I tried using ActiveResource to parse a web service that was more like a HTML document and I kept getting a 404 error.
Do I need to use an XML parser for this task instead of ActiveResource?
My guess is that ActiveResource is only useful if you are consuming data from another Rails app and the XML data is easily translatable to a Rails model. For example, if the web service is more wide-ranging XML like a HTML document or an RSS feed, you want to use a parser like hpricot or nokogiri. Is this correct?
How do you know when to use an XML parser and when to use ActiveResource?
Update: ActiveResource is also not an XML parser. It is a REST consumer allowing you to interact with a remote resource similar to how you would an ActiveRecord model. It does use an XML parser under the hood (I'm assuming through ActiveSupport's XmlMini I show below).

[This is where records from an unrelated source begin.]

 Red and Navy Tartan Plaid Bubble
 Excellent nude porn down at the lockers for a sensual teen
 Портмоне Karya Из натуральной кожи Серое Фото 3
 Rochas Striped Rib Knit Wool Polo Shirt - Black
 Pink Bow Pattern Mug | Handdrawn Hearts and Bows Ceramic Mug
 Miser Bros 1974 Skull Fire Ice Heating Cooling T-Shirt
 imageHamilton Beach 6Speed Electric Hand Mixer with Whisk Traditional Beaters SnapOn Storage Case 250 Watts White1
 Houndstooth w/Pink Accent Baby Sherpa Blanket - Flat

ActiveResource has some strict requirements about the structure of the XML content and works best when interacting with the REST API of another Rails application. It is not intended to do generic screen scraping of an HTML page. For that use Nokogiri directly.

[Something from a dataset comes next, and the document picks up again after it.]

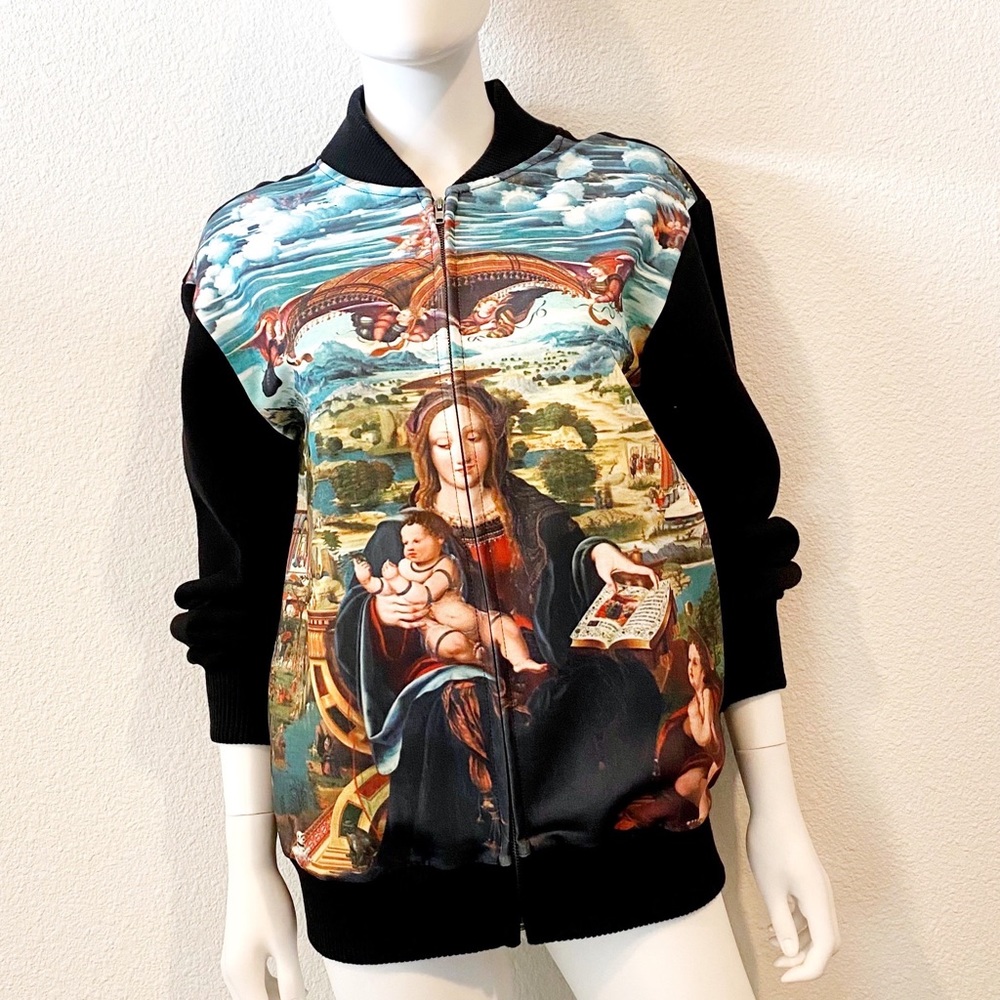 Renaissance Print Fleece Bomber Jacket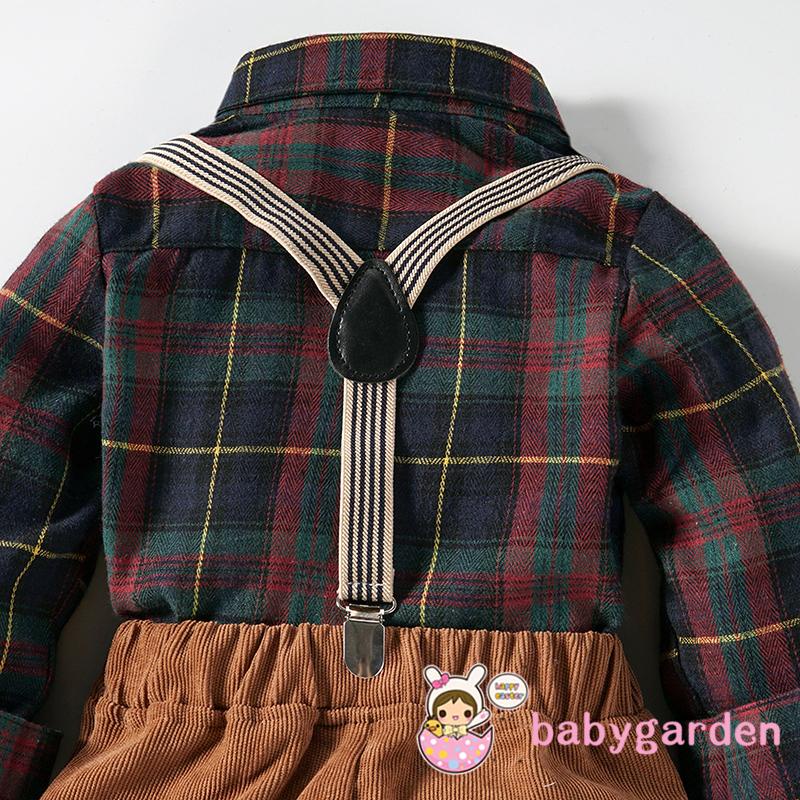 Set Áo Sơ Mi Tay Dài Sọc Caro + Quần Yếm + Băng Đô Nơ Đáng Yêu Cho Bé Trai 1-6 Tuổi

ActiveSupport isn't an XML parser, it is a miscellaneous collection of useful Ruby methods and classes. However, it does offer a wrapper around many different XML parsers giving you a consistent interface.
You can see which XML parser is being used and switch to a different XML parser. Try this in script/console
.
ActiveSupport::XmlMini.backend # => ActiveSupport::XmlMini_REXML
ActiveSupport::XmlMini.backend = 'Nokogiri'
ActiveSupport::XmlMini.backend # => ActiveSupport::XmlMini_Nokogiri
# it will now use Nokogiri
However, that will still use the XML parser in Nokogiri which assumes strict, valid markup. Most HTML pages do not fit this strict requirement and therefore it is better to use Nokogiri's HTML parser directly instead of going through ActiveSupport.
doc = Nokogiri::HTML(...)
I wrote XmlMini because I wanted to answer that same question. XmlMini doesn't really do much, and that lets it stay focused. But if you have any problem that YAML or JSON isn't qualified to handle, XmlMini isn't going to do the job either.
For example, if you've got any need to validate the structure of the XML you're dealing with, XmlMini isn't the tool. Validating by hand is awful.
Similarly, if you're dealing with data that reuses standard element and attribute semantics from somewhere else, like including snippets of UBL, OpenDoc or Atom, you really should get some better tools for namespaces.
ryanb mentions Nokogiri, and I can't think of anything more wonderful for these things. It's got all the power of libxml, with more elegance than almost any library in Ruby. I don't just mean for XML parsing, it's up there with _why's best projects.
But there are some things that even Nokogiri isn't designed for. If you really, absolutely, positively need to kill every angle bracket in the room at break neck speed, you've got to bust out SAX. But if you need speed that badly, don't do it in Ruby. Do it in expat or libxml with pure C. Or don't do it at all.